-- Records for processing follows --

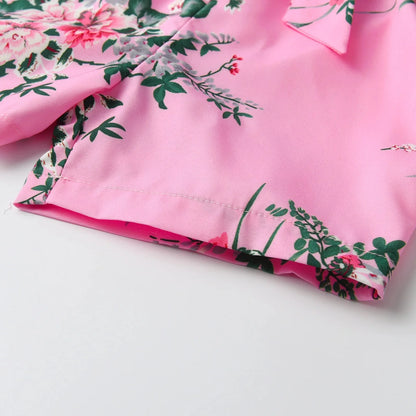 Children Clothing for Girls 1 2 3 4 5Y Kids Girls' Summer New Resort Style Floral Print Ruffled Camisole Jumpsuit with Lace-ups Good Vibrations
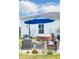 Beautiful backyard features outdoor seating beneath a blue umbrella, accompanied by lush floral arrangements, creating a relaxing atmosphere at 477 Spanish Wells Rd, Summerville, SC 29486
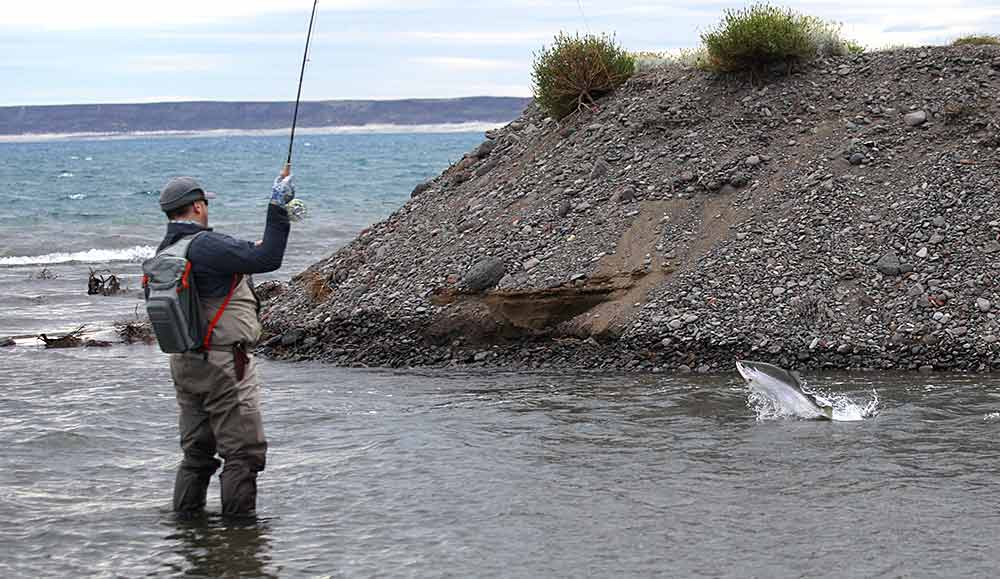 Fly fishing in Jurassic Lake, Argentina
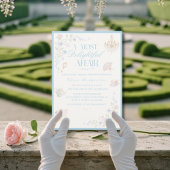 Regency Floral Tea garden Bridal shower 招待状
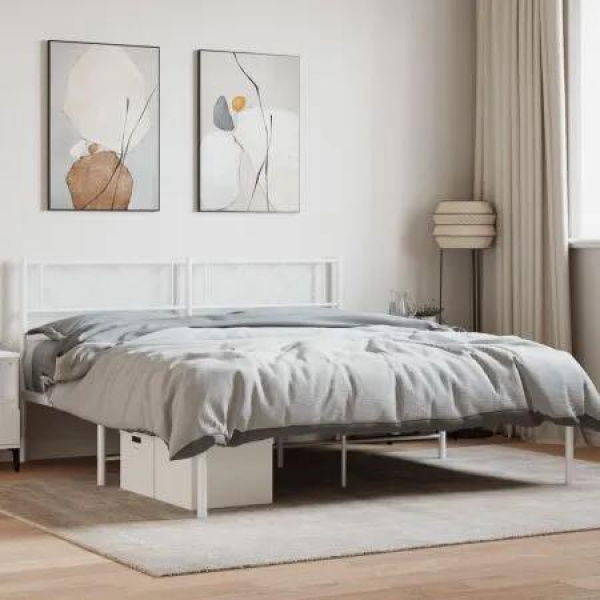 Metal Bed Frame with Headboard White 135x190 cm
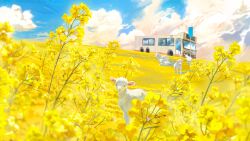  absurdres animal artist_request baby_animal blue_sky bus clouds commentary english_commentary field flower highres lamb lamppost motor_vehicle nikki_(series) no_humans official_art official_wallpaper outdoors scenery sheep shining_nikki sky spring_(season) yellow_flower 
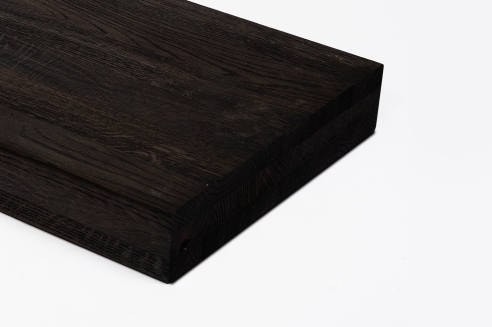 Stair tread Solid smoked Oak Hardwood , Rustic grade, 60 mm, black oiled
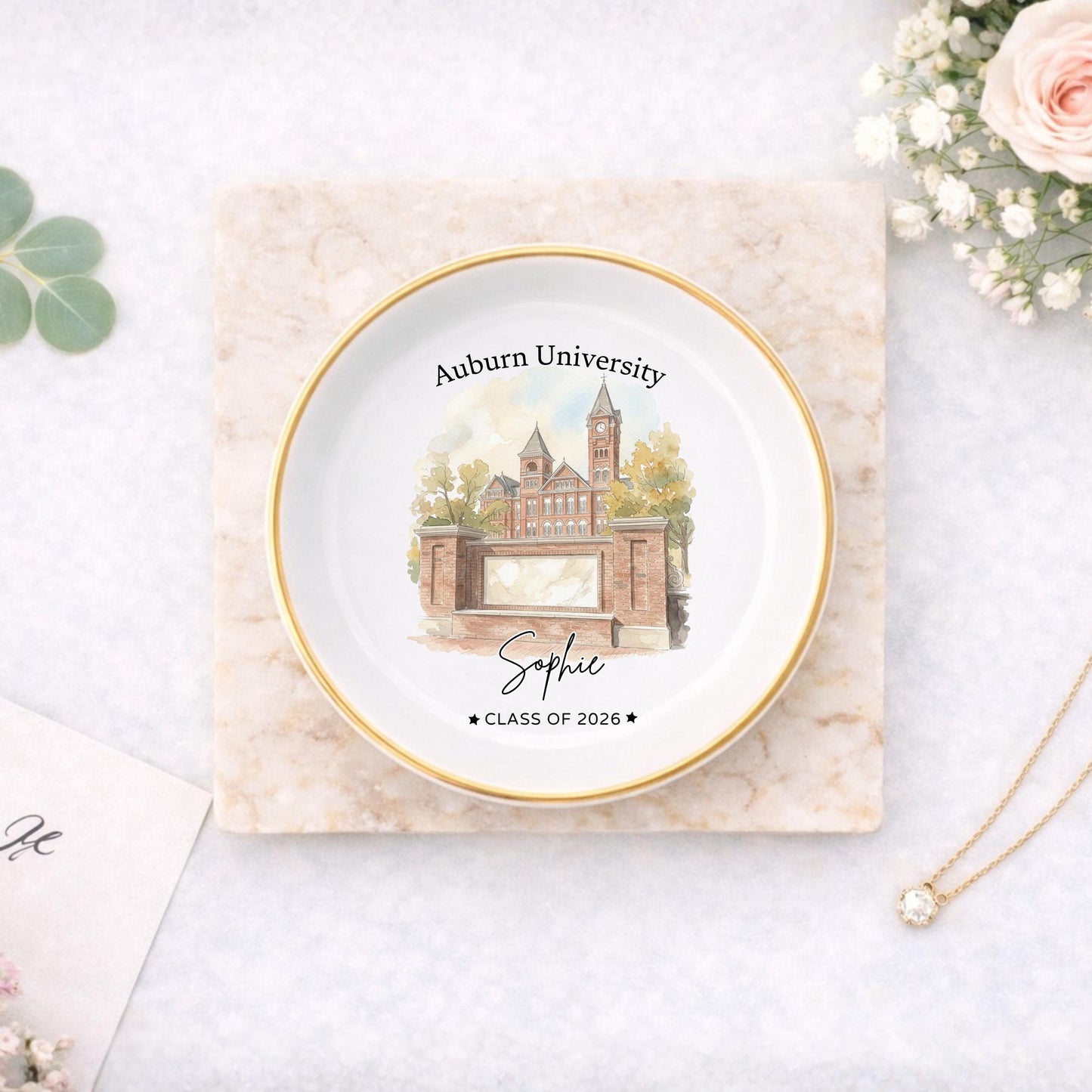 Custom University Ring Dish l Graduation Trinket Tray l Class of 2026 Gift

-- Records for processing concluded --

## Aim of the task
Transcribe each record exactly as it appears, but omit every picture.

## Expected answer
 Children Clothing for Girls 1 2 3 4 5Y Kids Girls' Summer New Resort Style Floral Print Ruffled Camisole Jumpsuit with Lace-ups Good Vibrations
 Beautiful backyard features outdoor seating beneath a blue umbrella, accompanied by lush floral arrangements, creating a relaxing atmosphere at 477 Spanish Wells Rd, Summerville, SC 29486
 Fly fishing in Jurassic Lake, Argentina
 Regency Floral Tea garden Bridal shower 招待状
 Metal Bed Frame with Headboard White 135x190 cm
  absurdres animal artist_request baby_animal blue_sky bus clouds commentary english_commentary field flower highres lamb lamppost motor_vehicle nikki_(series) no_humans official_art official_wallpaper outdoors scenery sheep shining_nikki sky spring_(season) yellow_flower 
 Stair tread Solid smoked Oak Hardwood , Rustic grade, 60 mm, black oiled
 Custom University Ring Dish l Graduation Trinket Tray l Class of 2026 Gift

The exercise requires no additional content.